**Required work:**
Transcribe exactly the lines that fall between the one holding "Harmony tisane by" and the one holding "Affiche de Blesmes, calculée", inclusive, from the entries below.

**The data:**

======

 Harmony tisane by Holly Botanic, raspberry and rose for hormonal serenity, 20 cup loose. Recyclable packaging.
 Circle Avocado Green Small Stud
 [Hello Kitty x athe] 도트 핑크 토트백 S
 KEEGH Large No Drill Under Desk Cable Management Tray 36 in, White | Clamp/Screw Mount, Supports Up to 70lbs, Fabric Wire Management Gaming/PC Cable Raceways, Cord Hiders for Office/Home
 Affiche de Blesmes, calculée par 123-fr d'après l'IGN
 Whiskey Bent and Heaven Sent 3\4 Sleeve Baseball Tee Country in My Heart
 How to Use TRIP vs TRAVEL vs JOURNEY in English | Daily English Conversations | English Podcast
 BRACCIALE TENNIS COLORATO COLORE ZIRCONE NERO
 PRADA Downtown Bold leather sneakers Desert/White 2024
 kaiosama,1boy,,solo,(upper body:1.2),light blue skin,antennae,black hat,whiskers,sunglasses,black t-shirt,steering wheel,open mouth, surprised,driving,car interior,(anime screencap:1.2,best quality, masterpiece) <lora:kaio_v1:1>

======

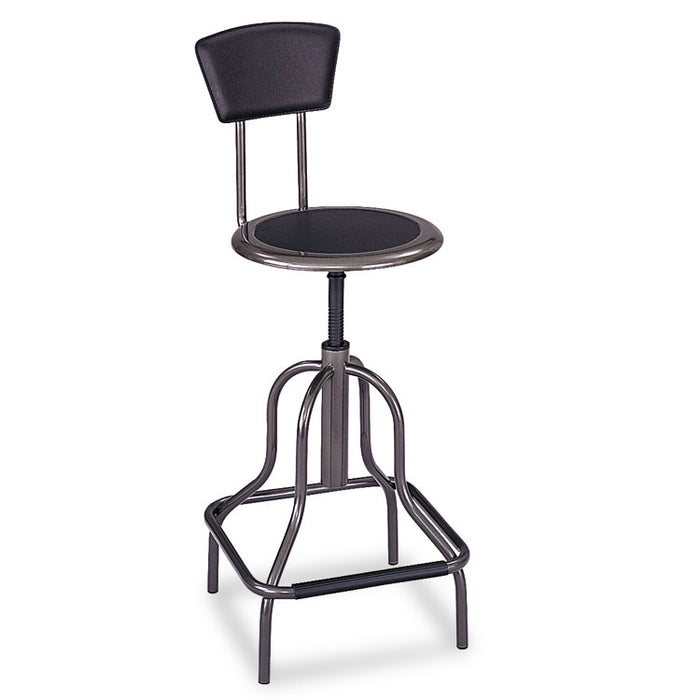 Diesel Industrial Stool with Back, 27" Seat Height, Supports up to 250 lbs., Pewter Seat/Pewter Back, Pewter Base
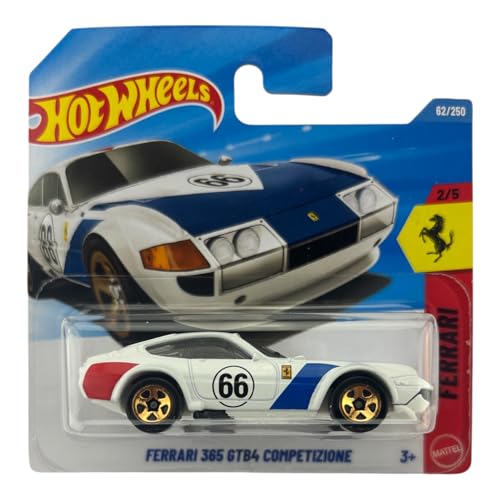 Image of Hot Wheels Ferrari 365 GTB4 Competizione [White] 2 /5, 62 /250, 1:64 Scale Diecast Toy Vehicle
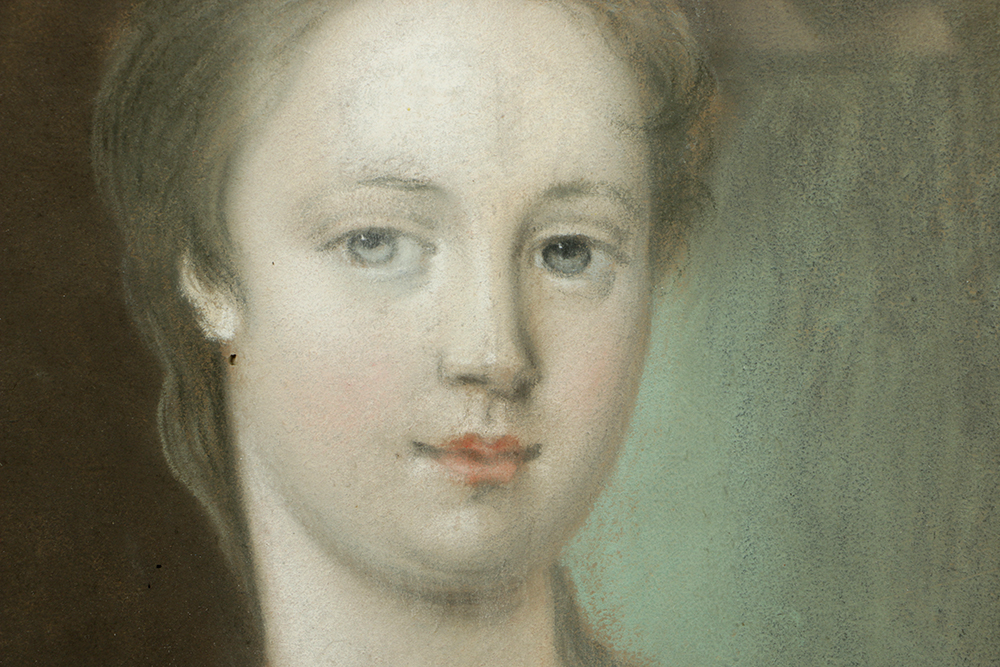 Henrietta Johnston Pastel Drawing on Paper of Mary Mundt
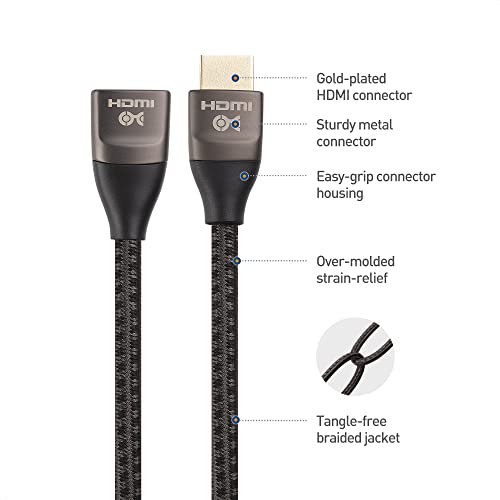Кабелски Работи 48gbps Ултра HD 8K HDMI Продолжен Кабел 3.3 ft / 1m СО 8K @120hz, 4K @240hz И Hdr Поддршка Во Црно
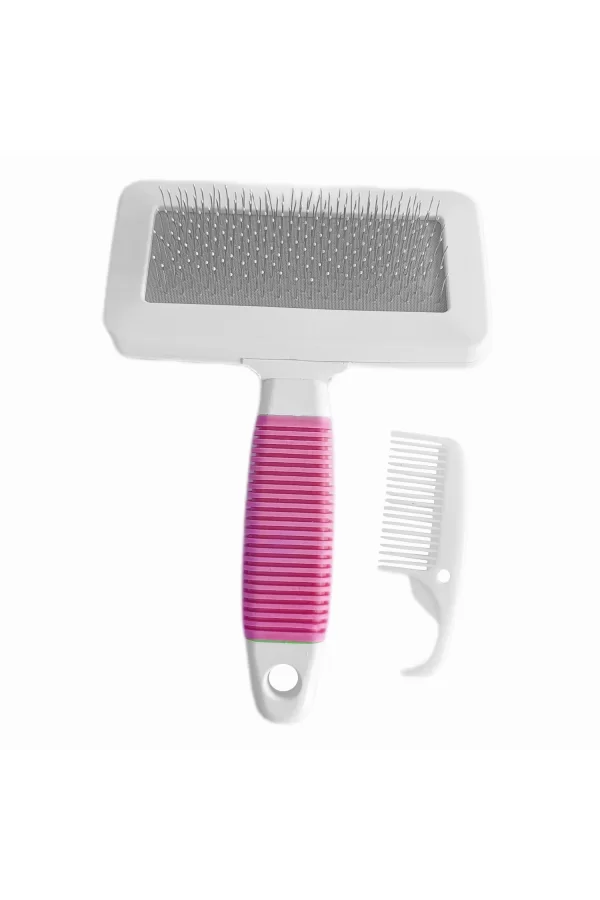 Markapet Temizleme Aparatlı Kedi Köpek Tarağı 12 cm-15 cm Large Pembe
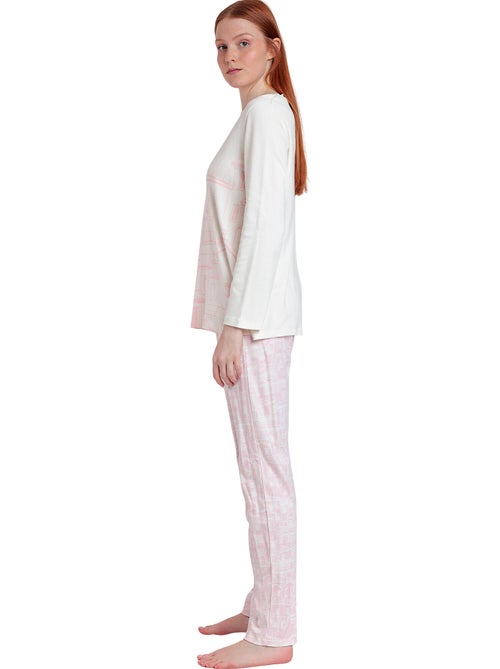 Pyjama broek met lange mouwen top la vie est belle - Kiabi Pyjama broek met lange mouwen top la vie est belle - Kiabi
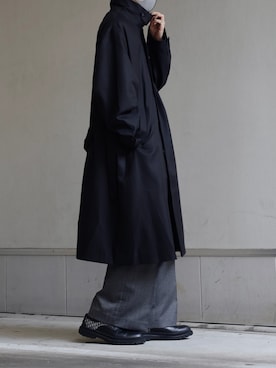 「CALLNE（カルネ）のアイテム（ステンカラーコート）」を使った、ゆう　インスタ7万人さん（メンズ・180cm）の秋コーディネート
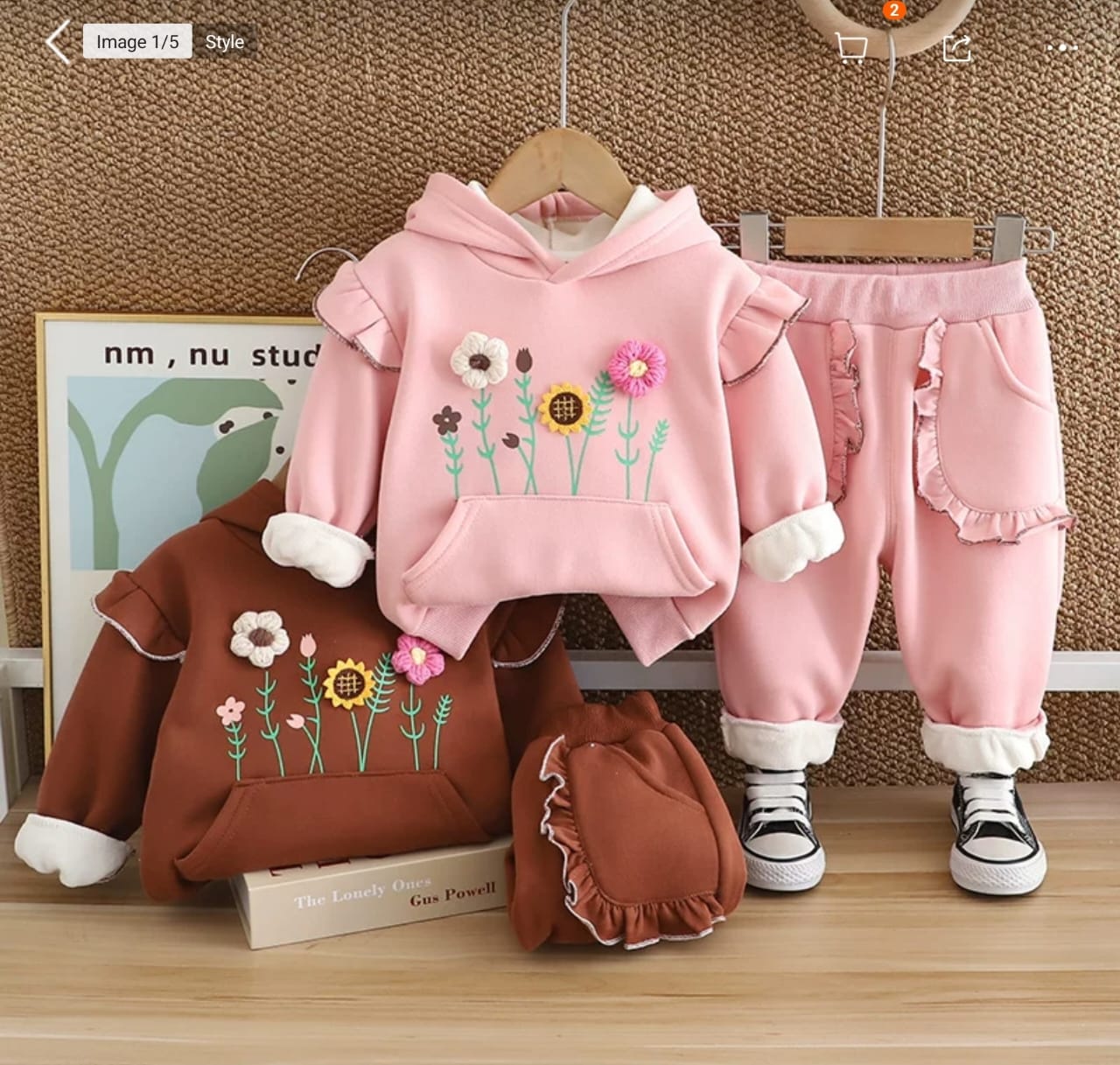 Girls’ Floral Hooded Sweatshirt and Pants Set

======

**Worked solution:**
 Harmony tisane by Holly Botanic, raspberry and rose for hormonal serenity, 20 cup loose. Recyclable packaging.
 Circle Avocado Green Small Stud
 [Hello Kitty x athe] 도트 핑크 토트백 S
 KEEGH Large No Drill Under Desk Cable Management Tray 36 in, White | Clamp/Screw Mount, Supports Up to 70lbs, Fabric Wire Management Gaming/PC Cable Raceways, Cord Hiders for Office/Home
 Affiche de Blesmes, calculée par 123-fr d'après l'IGN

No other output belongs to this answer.